The records below are to be reproduced exactly, and no picture should appear in the copy.

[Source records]
++++++++

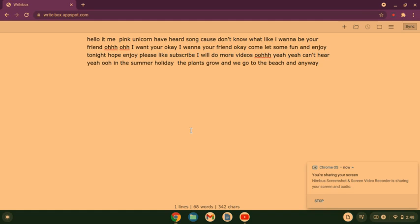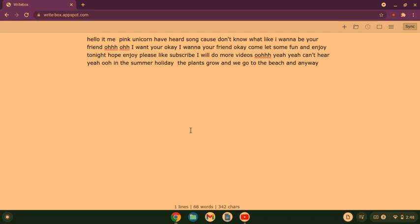So it's me, thank you to God. Have you heard my song? Cause don't you know what I like?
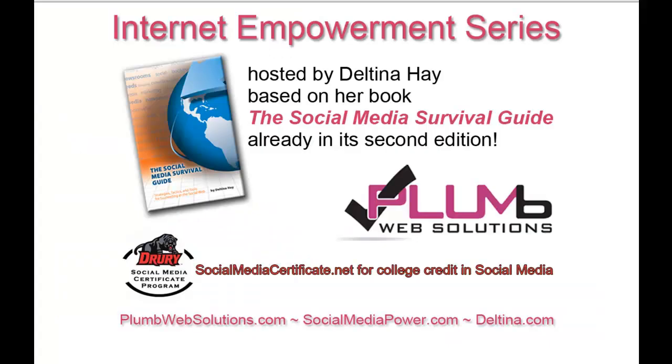If you are interested in enhancing your resume with a social media certificate from an accredited university, then visit socialmediacertificate.net for information on the online courses I teach for Drury University. Please also visit our sponsor, Plum Web Solutions, that's Plum with a B, Websolutions.com.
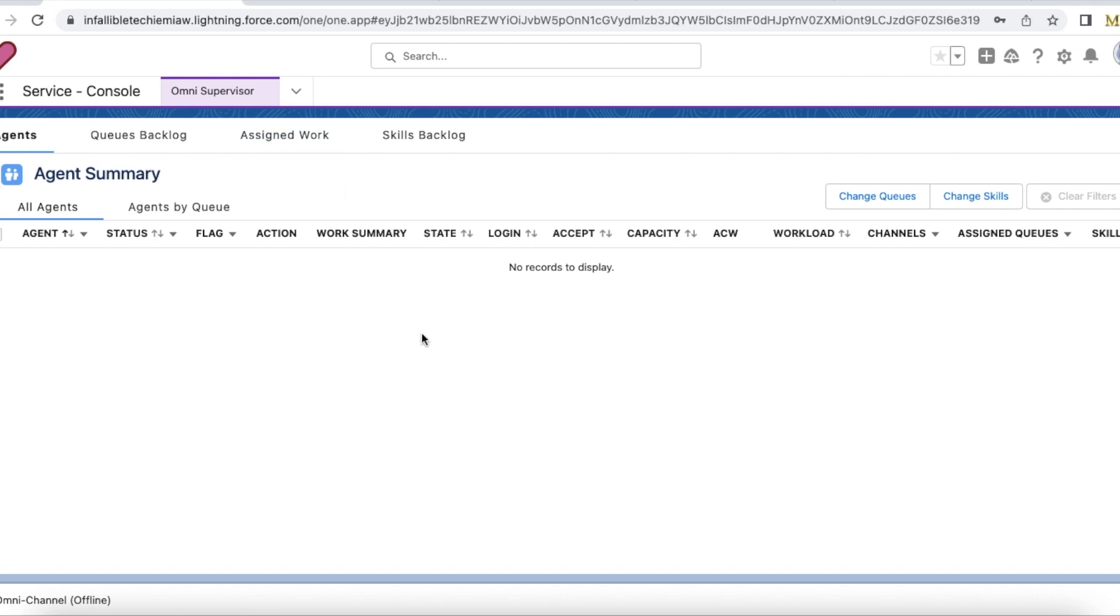Hello everyone, in this video we are going to see how to make use of Salesforce Einstein bot whenever we make use of messaging for in-app and web.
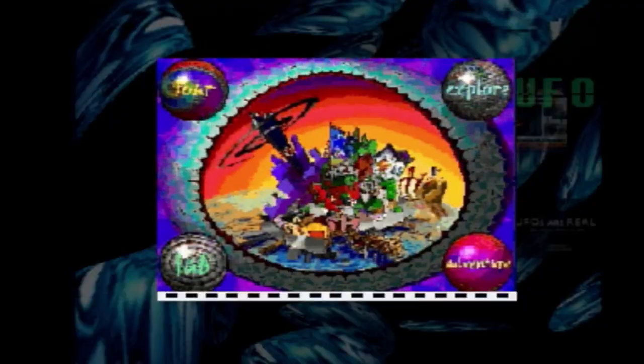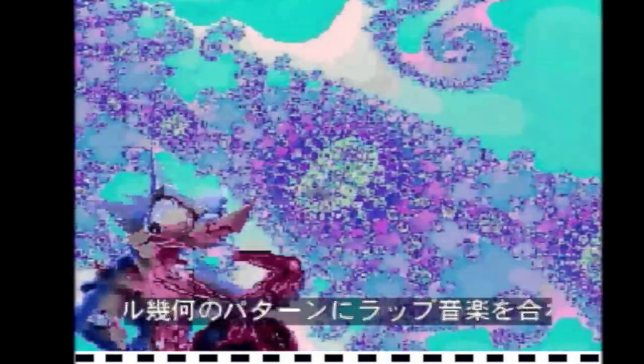Did you ever wonder why nature seems so strange, why universal order is so subject to change? It's like nature's got some invisible plan, too complex to ever understand — but it's easy once you do, and you can too. Fractal is the word.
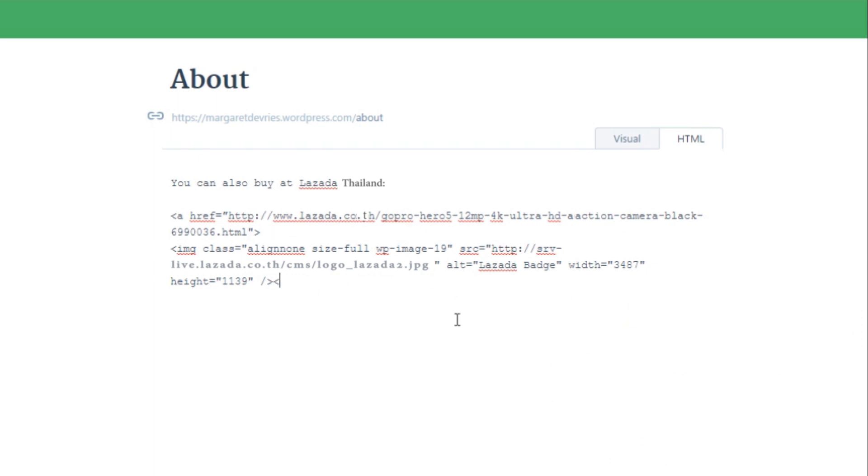Don't forget to put the trailing code slash A at the end part to make the link code complete.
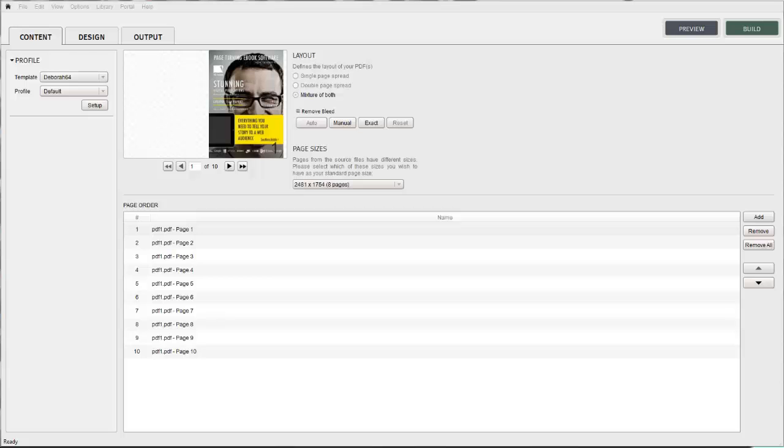In this video tutorial we're going to look at working with pages of different sizes within 3Dissue. We're going to be working within the content tab in the 3Dissue software.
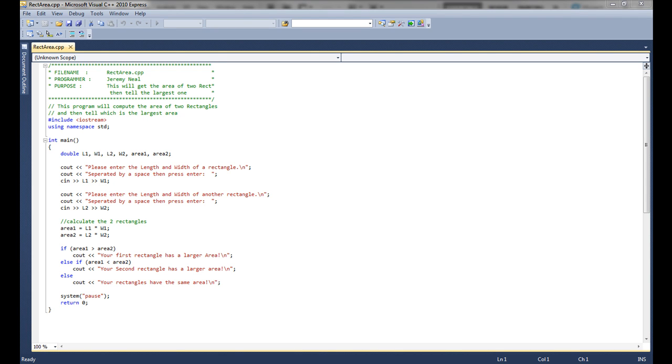Alright, welcome back folks. This is Jeremy with Care Services and Valamo Tutorials. Coming back with the second part to the decision structure that we're doing called Part 2.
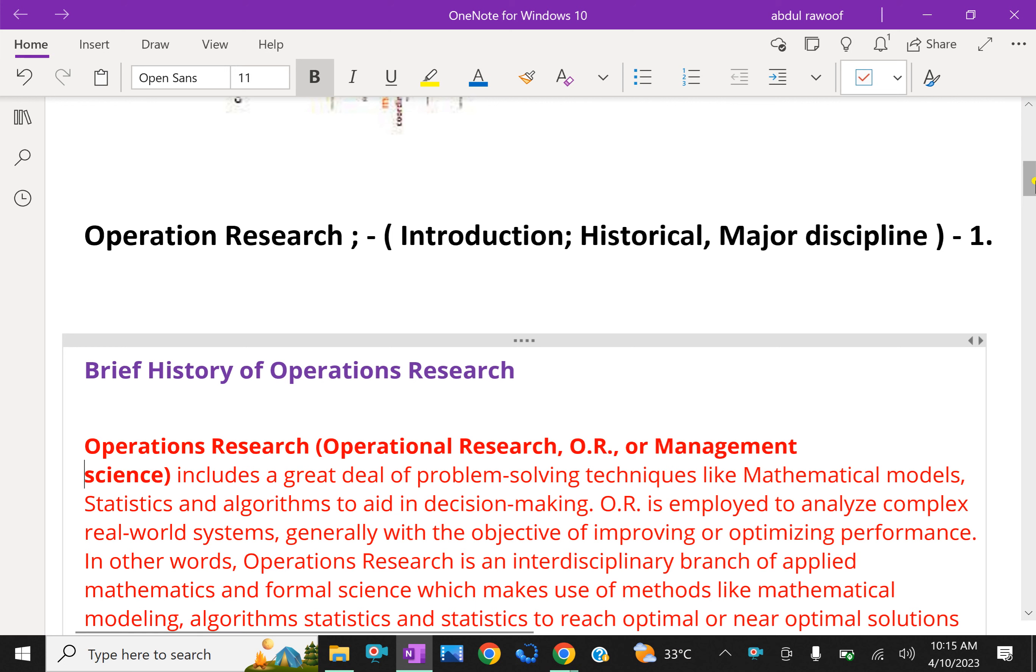Welcome to AminAcademy.com. In Operation Research, let us discuss about its introduction, historical and major discipline.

++++++++

• [Reply to the task]:
So it's me, thank you to God. Have you heard my song? Cause don't you know what I like?
If you are interested in enhancing your resume with a social media certificate from an accredited university, then visit socialmediacertificate.net for information on the online courses I teach for Drury University. Please also visit our sponsor, Plum Web Solutions, that's Plum with a B, Websolutions.com.
Hello everyone, in this video we are going to see how to make use of Salesforce Einstein bot whenever we make use of messaging for in-app and web.
Did you ever wonder why nature seems so strange, why universal order is so subject to change? It's like nature's got some invisible plan, too complex to ever understand — but it's easy once you do, and you can too. Fractal is the word.
Don't forget to put the trailing code slash A at the end part to make the link code complete.
In this video tutorial we're going to look at working with pages of different sizes within 3Dissue. We're going to be working within the content tab in the 3Dissue software.
Alright, welcome back folks. This is Jeremy with Care Services and Valamo Tutorials. Coming back with the second part to the decision structure that we're doing called Part 2.
Welcome to AminAcademy.com. In Operation Research, let us discuss about its introduction, historical and major discipline.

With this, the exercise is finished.